**Problem statement**
Practice item. Set the material below down again exactly, with no pictures.

**Dataset section**
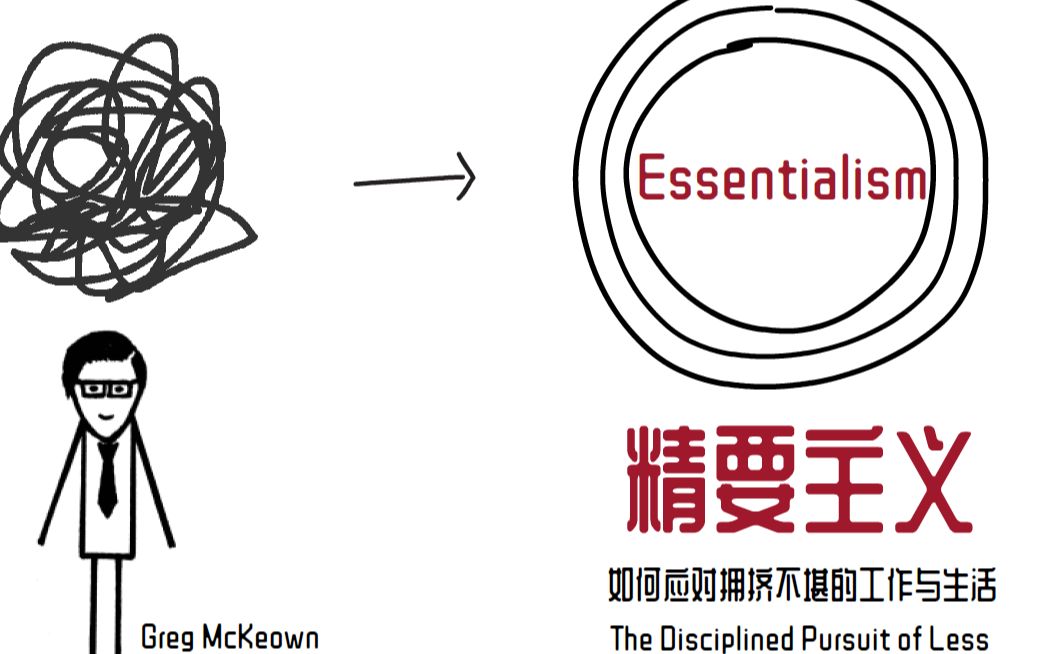 [图]《精要主义》读书心得 | Essentialism | 如何应对拥挤不堪的工作与生活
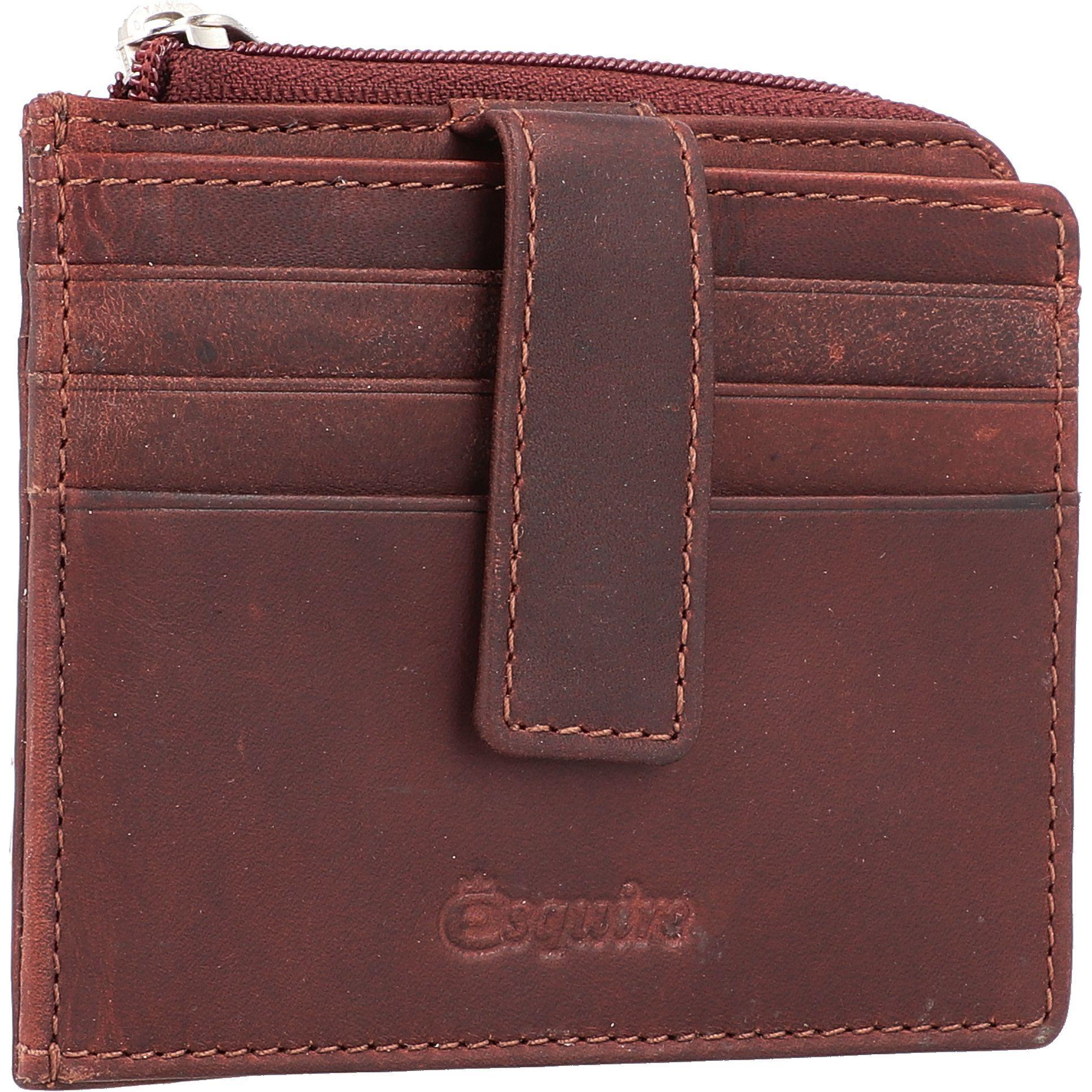 Thumbnail - Esquire, Herren, Portemonnaie, Oslo Kreditkartenetui RFID Leder 10,5 cm, Braun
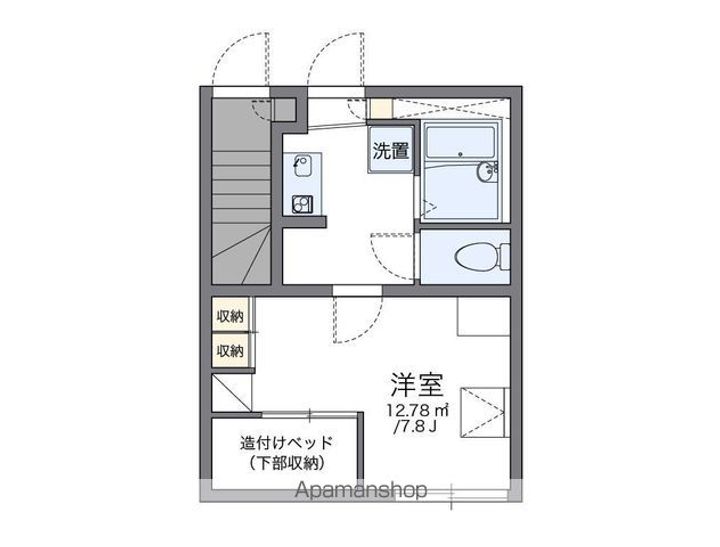 レオパレスJOY103の間取り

**Response to this task**
 [图]《精要主义》读书心得 | Essentialism | 如何应对拥挤不堪的工作与生活
 Thumbnail - Esquire, Herren, Portemonnaie, Oslo Kreditkartenetui RFID Leder 10,5 cm, Braun
 レオパレスJOY103の間取り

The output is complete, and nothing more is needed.